サイエントロジーは、SF作家の故L・ロン・ハバードが創始した宗教団体で、「オーディティング」と称する独自のカウンセリングのようなものを通して信者の精神性を高めることを主要な活動としています。俳優のトム・クルーズなどが入信していることで知られ、ハリウッド関連のニュースでもしばしば取り上げられます。海外ではカルトとして批判されることが多く、その主な理由は、批判者に対する訴訟や恫喝行為です。また、「オーディティング」等の料金が高額で、そういった支払いをさせるほどに信者をマインド・コントロールしているとの批判も根強くあります。

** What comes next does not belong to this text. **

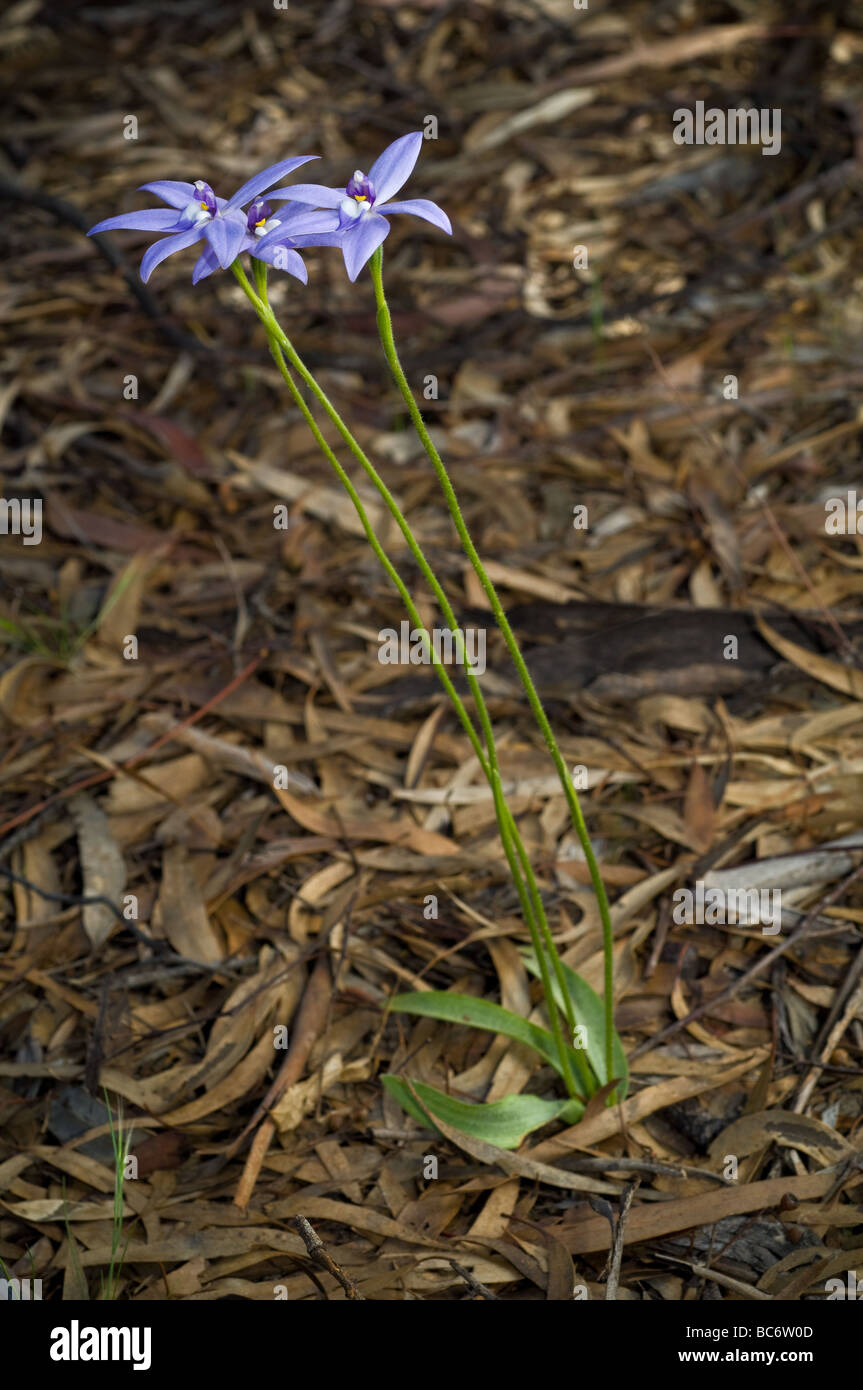 Große Glossodia oder Wachs Lippe Orchidee, Grampians Australien. Stockfoto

サイエントロジー問題は海外だけの話ではありません。日本でも、弁護士の元に被害相談が寄せられています。複数の被害相談を受けた経験がある佐々木大介弁護士は、こう語ります。

「私が相談を受けた事件に限って言うと、被害額は数十万円から数百万円まで幅があるのですが、中には1000万円以上払わされた方もいました。サイエントロジーはメンバーに対して、コースの全容やトータルでかかる費用、コース全体の修了に要する年月について明確に説明しないまま、とうてい修了しえない数のカウンセリングコースや膨大な分量の教材、高価な器具のためにお金を払わされる例が多くみられます。職場まで押しかけられたり、長時間にわたって執拗な勧誘をされた方もおり、非常に悪質です。加えて、問題なのは、サイエントロジーに対して疑問を抱いたり退会を申し出た会員に対し、『退会するための手続きが必要』などと称して、さらにカウンセリングを受けさせたり新たなコースを申し込ませるなどして、会員個人での退会や返金手続きを事実上非常に困難にしていた点です」(佐々木弁護士)

海外での批判についてサイエントロジー側は「少数派宗教への不寛容」「差別」「異端審問」などと主張しますが、佐々木弁護士は「差別ではなく、悪質な被害例が現に存在し、それが国際的に問題視されていることが理由」だと語ります。

サイエントロジー批判は、まさに日本を含めた「世界標準」です。